Eficiente por el lado de Arias también, muy activo, veloz, sin problemas con la pelota. Desde luego espléndido en Omar Pérez, clarividente, cada vez más sabio para administrar y colocar el esférico; hilvana agujas con la pelota. Su pase en profundidad para Morelo en el primer gol es sublime, pero en el tercero es genial, tanto que no sólo sorprendió a los dos chilenos que se le venían encima sino al propio Morelo, que no esperaba tan magistral devolución. Proporcionalmente, cuando más se lentifica en lo físico, más se le acelera la cabeza. Con su talento no es indispensable que corra 90 minutos como Arias, con tres pases felices le alcanza para decidir el partido. Pero Santa Fe es una fuerza global, centrífuga que está más allá de individualidades, los once trabajan por el objetivo y esa es una virtud determinante en un deporte de conjunto.

En toda colectivización subyace el mérito del entrenador. Un grupo no armoniza si el conductor no posee la virtud del liderazgo. ¿Cuáles son las cualidades de Costas para ser un ganador en todos los clubes que dirige...? Se lo preguntamos a José Chatruc, volante derecho al que Gustavo tuvo dos veces en Racing. Responde: “Yo valoro mucho lo humano; Gustavo es una muy buena persona, accesible, alegre; y lo trasmite al grupo; mantiene una cercanía y afinidad con el plantel, un diálogo excelente con el jugador, sabe llegarle, siempre dentro del respeto. Nunca se pelea con nadie. Posee un gran carisma y se hace querer, y el futbolista manifiesta su cariño jugándose dentro de la cancha, da un plus. También sabe cuándo ponerse serio y exigir. Y cuando uno anda con problemas extrafutbolísticos o está saliendo mucho de noche te para bien: '¿Qué te está pasando?'. Tiene calle, sabe guardar las cosas”.

Pero también hay un costado táctico. ¿Cómo es ahí...? “Es muy sencillo -afirma Chatruc-. No pide cosas extrañas ni rebuscadas, no vuelve loco al jugador. Le gusta atacar; plantea los partidos para ganar, aunque supongo que cuando lleguen los choques eliminatorios en la Copa se cuidará un poco más. Sabe medir las intensidades. Su método es el convencimiento”.
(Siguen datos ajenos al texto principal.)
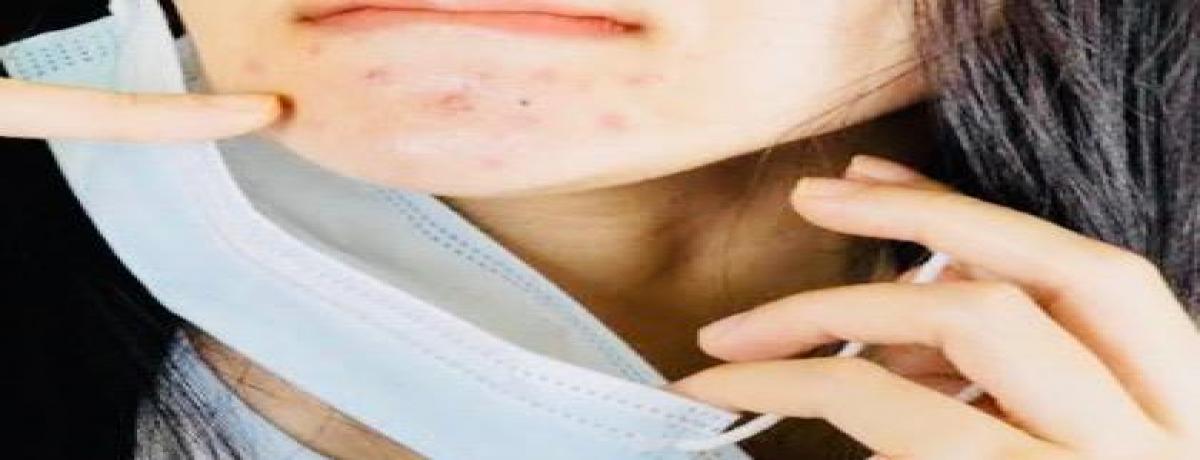 ACNE ACNE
Similar al perfil de Pékerman. En apenas dos partidos, Santa Fe se ha probado a sí mismo que esta vez puede llegar alto. Falta mucha Copa todavía, pero tiene con qué. Hay algunos códigos en la Libertadores que conviene recordar: 1) Jugar cada partido como si fuera la final. 2) Cuando llegue la hora del mata-mata (octavos en adelante) hay que olvidarse del torneo local. El que se anota en los dos frentes, por lo general pierde en ambos. 3) En primera fase, así clasifique una o dos fechas antes, debe intentar sumar la mayor cantidad de puntos, así le toca un rival más débil y en segundo turno como local.
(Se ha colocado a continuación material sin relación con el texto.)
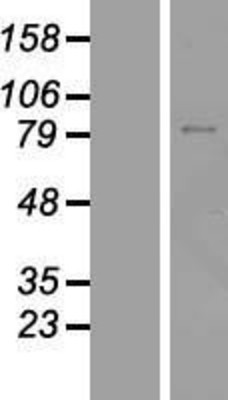 Western Blot: ZNF334 Overexpression Lysate (Adult Normal) [NBL1-18122] Left-Empty vector transfected control cell lysate (HEK293 cell lysate); Right -Over-expression Lysate for ZNF334.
Dejamos el epílogo para Wilson Morelo, autor de tres goles preciosos. Es, para este cronista, una revelación. Muy hábil, veloz, ataca los espacios y sabe en qué momento picar cuando Pérez toma la pelota, lo entiende. Tiene amague, cintura y técnica. Su control de bola en el primer gol es notable, la deja a cinco centímetros del pie derecho. Eso es lo que posibilita el gol, porque ya tenía el arquero encima. Sin ese dominio, se le adelantaría medio metro y el portero lo anticiparía. Pero la mató con un revólver.

Nos dicen que está a préstamo sin opción de compra. Una pena, porque hace mucha diferencia en el área. Si se lo queda, puede aspirar a más títulos Santa Fe.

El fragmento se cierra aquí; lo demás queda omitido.